Before beginning, make sure you have a comfortable place to sit or lie down. It’s important that your posture is relaxed, but also in a position in which the body is supported with a blanket or cushion if needed. It is not required that you be sitting upright in a cross legged position. Do what feels best in your body to start. You can also set the mood by diffusing an essential oil, lighting a candle, or taking some time outdoors and sitting in nature. Whatever you desire to create an environment that best supports your own personal relaxation.

Set an Intention:

A great way to strengthen your meditation practice is by setting an intention (or purpose in mind) before beginning. Start by thinking of what you are desiring most in your life at the moment. For example, you may want to feel more connected to your body, let go of intrusive thoughts, find clarity about a situation in your life, or foster courage to take action. Next, word the desired outcome as if it has already occurred. In the above example of wanting to feel more connected to your body, a potential intention would be, "I feel connected to my own body and mind". Take a few breaths and create an intention that feels right for you. Focus on that intention as you begin your meditation practice, and at the end of practice repeat the intention.

Relax Your Body:

Settling into your meditation posture (however that looks for you), start closing the eyes or softening the gaze. Mentally relax any tension you are holding in your body. As you allow your body to begin to relax, focus your attention on your breath. Feeling the gentle expansion and contraction of your belly like a balloon filling with air, as you take each breath in and each breath out. See if you can follow an entire breath from the start of the inhale all the way through your exhale. Doing this for even just a few minutes will begin to bring a sense of calm and relaxation to both your body and mind.

Focus on your Breath:

As your body becomes more relaxed, keep focusing on your breath and the sensation of the breath moving throughout your body. The coolness of the breath as it flows in, and the warmth of the breath as it flows out. The gentle wave of the breath moving through your body without any effort or control on your part. Rather than trying to control or alter your breath, simply observe the natural flow of each in-breath and out-breath. Each time your mind wanders away from your breath, gently bring yourself back to your breath. Allow yourself the permission to let everything else go.
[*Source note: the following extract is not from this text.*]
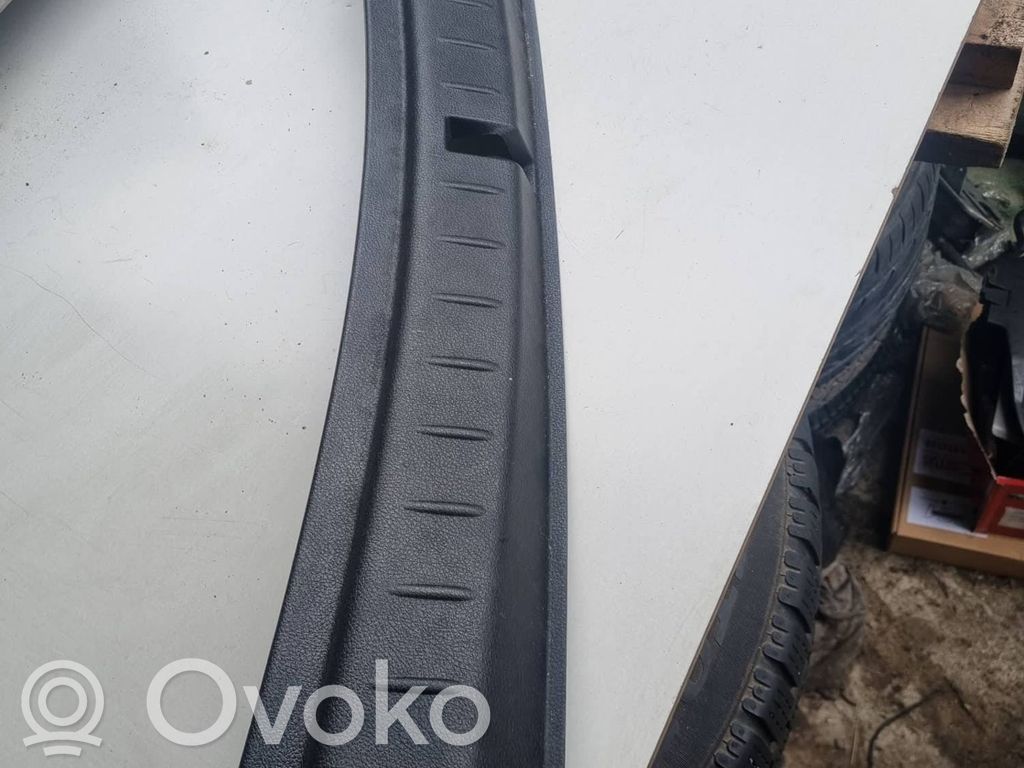 BMW 2 F46 Osłona pasa bagażnika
Practice Gentle Acceptance:

It’s important to become comfortable with your meditation practice and to allow yourself to be in all of the ways that you are without judgement, embarrassment or shame. As you observe your breath, gently accept whatever thoughts and emotions come up and watch as they pass through your mind. Do not try to stop thinking, as this is impossible. Meditation is not a lack of thinking. It is just a space from constantly following our thoughts, allowing us the time to choose which thoughts to follow and engage in.